On August 10, 2025, the IESO issued an “Energy Emergency Level 1” advisory notice. The notice stated that starting on August 10 at 16:00 EST and ending on August 10 at 20:00 EST, “The IESO has declared an Energy Emergency Alert Level 1. There is the potential for declaration of an emergency operating state."

Comparing Prices in the Renewed Versus Legacy Market in July

Power Advisory has undertaken a review of energy prices in July 2025 compared to the same month last year to better understand if pricing outcomes in the renewed market broadly align with the legacy market. Based on this review, prices in the renewed market appear to be structurally higher than under the legacy market – at least from the perspective of the underlying marginal cost of a typical price-setting asset in the IESO-Administered Market (IAM).
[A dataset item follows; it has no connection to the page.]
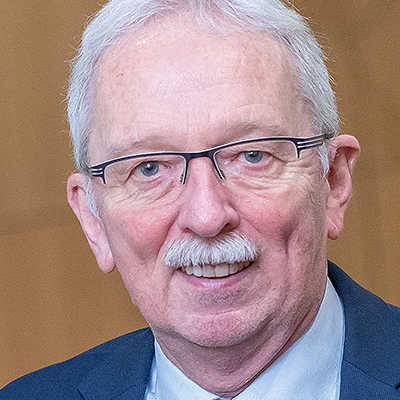 Porträtfoto von Michael Frisch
As we have highlighted in much of our commentary since the renewed market was launched in May 2025, these are preliminary findings, as we expect the IAM – including the underlying Market Rules, Market Manuals and Market Participant behaviour – to evolve over time and result in different pricing outcomes. Nonetheless, we find that looking at pricing outcomes in July – typically a peak demand month in the IAM – provides a solid foundation for observations regarding overall pricing outcomes.

The following graph highlights the change in pricing in the IAM in July 2025 compared to last year – with the average price increasing by more than 115%. We compared the Day-Ahead Ontario Zonal Price (OZP) – the load weighted average price of all of the nodes in the IAM – to the previous Hourly Ontario Energy Price (HOEP), which was the uniform price under the legacy market.
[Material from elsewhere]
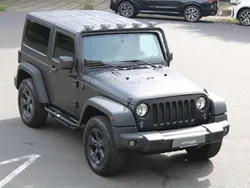 Black metallic Gebraucht 2015 Jeep Wrangler Unlimited Sport SUV | 28.990 € (Fairer Preis)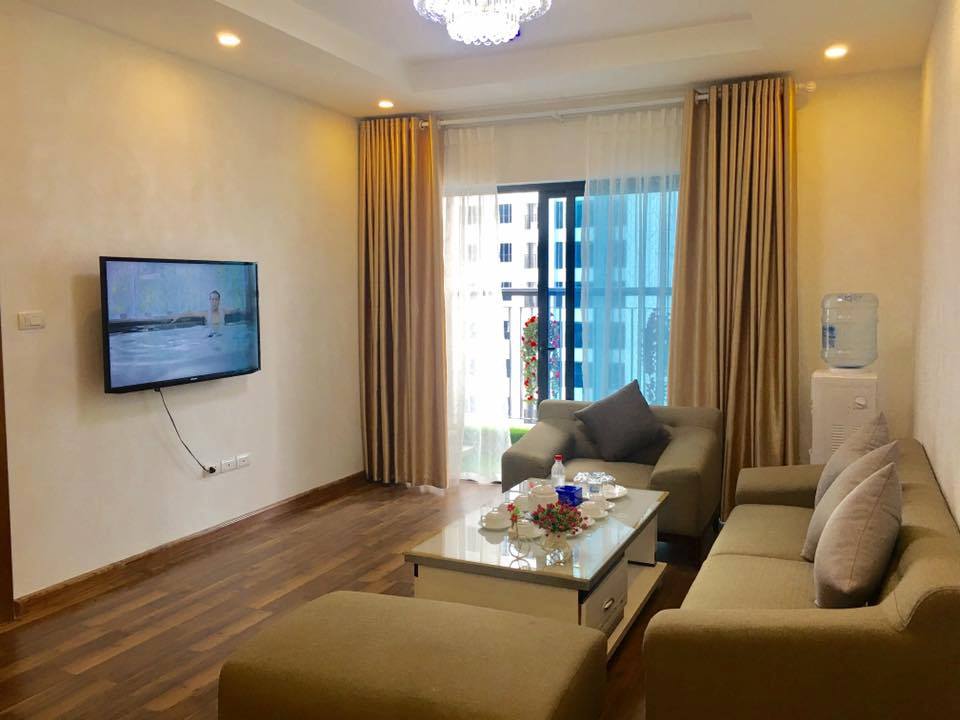 Cần cho thuê căn hộ tại Mandarin Gaden, Cầu Giấy, DT 180m2, 4PN, 3WC, nội thất cao cấp giá 26 tr/th 725995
With gas-fired generators typically acting as a price-setting unit – and other resource types offering energy on an opportunity cost based on the marginal cost of gas-fired generation – any increase or decrease in gas prices will have a direct impact on wholesale electricity prices. As can be seen in the graph below, the average gas price was nearly 75% higher in July 2025 compared to a year earlier. Carbon prices – which will also have an impact on the marginal cost of a gas-fired generator – have also increased, moving from $80/tonne in 2024 to $95/tonne this year.

By comparing the increase in natural gas and carbon costs – which underpin the marginal costs of both an “average” gas-fired generator and a “peaker” plant – we can see how different prices were in the IAM in July 2025 compared to last year. In July 2024, the average marginal cost of a gas-fired generator was around $27/MWh, while the average market price was $35/MWh – around an $8/MWh spread. In 2025, the marginal cost of a typical gas-fired generator was $42/MWh, while the average price was $76/MWh – marking a spread of more than $34/MWh. The graph below shows a similar calculation for a “peaker” gas-fired generator, which had marginal costs that were higher than the average price in 2024, but were almost exactly aligned in 2025 (i.e. the peaker’s marginal cost and average price were nearly the same level).
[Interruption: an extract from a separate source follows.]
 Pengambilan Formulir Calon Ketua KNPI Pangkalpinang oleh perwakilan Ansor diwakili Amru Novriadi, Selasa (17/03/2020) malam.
The spread between a gas-fired generator’s marginal cost and wholesale prices is typically referred to as the “spark spread” and is a measure of profitability. The graph below shows how much the spark spread increased in July 2025 compared to a year earlier.

And finally, we compared the spark spread for both an average gas-fired unit and a peak unit based on different levels of Market Demand. As can be seen below, in 2024, a peaker unit was typically profitable when Market Demand was greater than 23,500 MW, while in 2025 the peaker unit was profitable when Market Demand was 22,000. This means that peaker units can be economically dispatched under lower demand conditions.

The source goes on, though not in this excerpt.